Что до движения мысли, то здесь надлежит сказать следующее. Среди многочисленных функций языка можно выделить две: передавать информацию и передавать эмоции. Разумеется, в реальной языковой практике названные функции переплетены. Тем не менее при всей их нераздельности наличествует и некая неслиянность, и можно попытаться разделить их как в обучении языку, так и в его преподавании. Функция передачи эмоций сближает язык с литературой (думается, что, когда говорят о «великом и могучем», имеют в виду именно эту функцию).
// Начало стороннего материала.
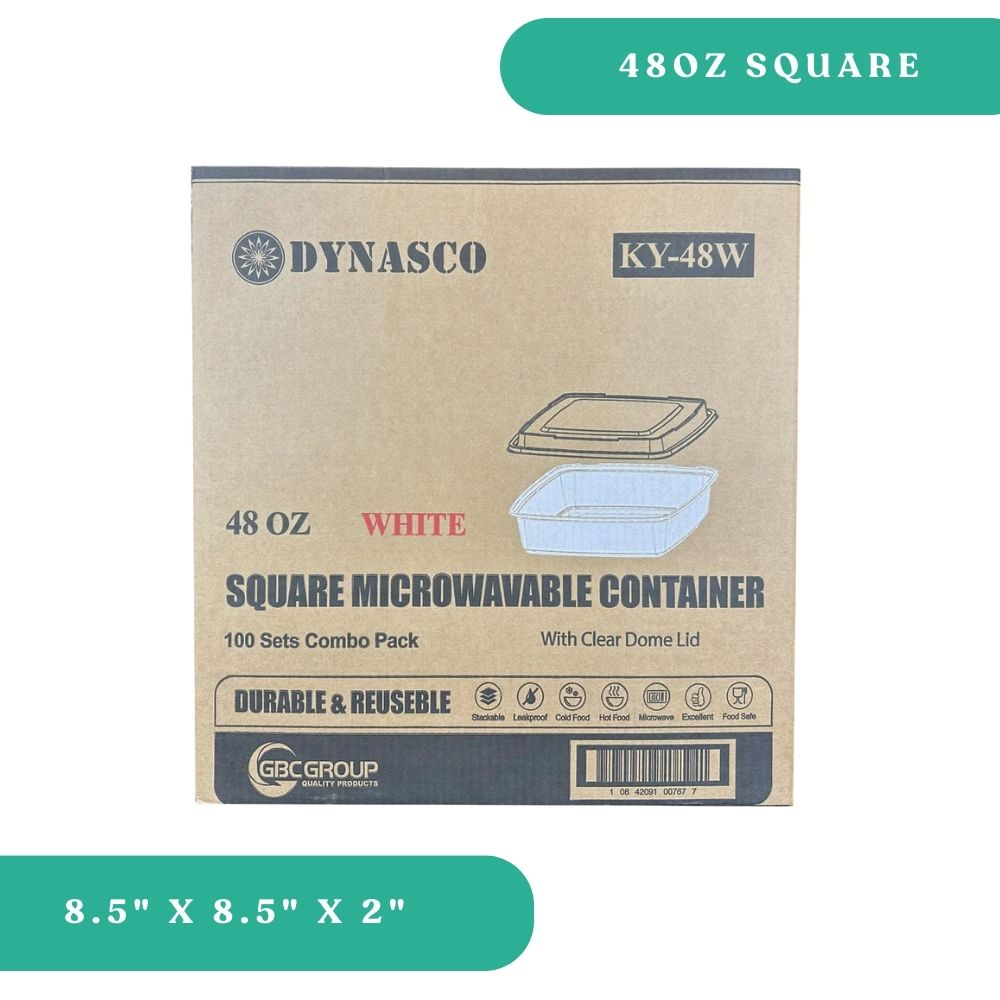 48oz Square Container with Lid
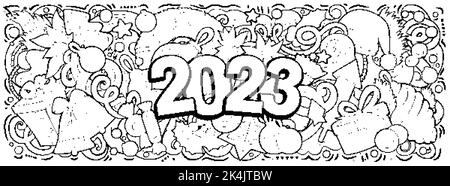 2023 Kritzeleien horizontale Abbildung. Neujahrs-Objekte und Elemente-Poster Stock Vektor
Действительно, вся стилистика, всевозможные художественные средства языка – в частности, такие локальные, как тропы (метафоры, метонимии, гиперболы и т. п.), – всё это относится столько же к ведомству лингвистики, сколько к ведомству литературоведения. Поэтому названные темы могут изучаться на лингво-литературоведческих уроках. Нас же будет интересовать функция бесстрастной передачи информации; она воплощается в текстах, которые один из основоположников отечественного программирования Андрей Петрович Ершов называл деловой прозой. К деловой прозе относятся, в частности, естественно-научные тексты [10] Было бы хорошо, если бы и некоторые гуманитарные тексты, в частности все тексты исторической науки, писались с такой же безоценочной бесстрастностью.
(и прежде всего математические), юридические тексты, тексты делопроизводства, инструкции. Деловая проза занимает всё большее место в нашей жизни и потому должна быть предметом, которому учат в школах. Преподавать его можно было бы на уроках родного языка или же на специальных занятиях, посвященных чистой, не несущей эмоции информации.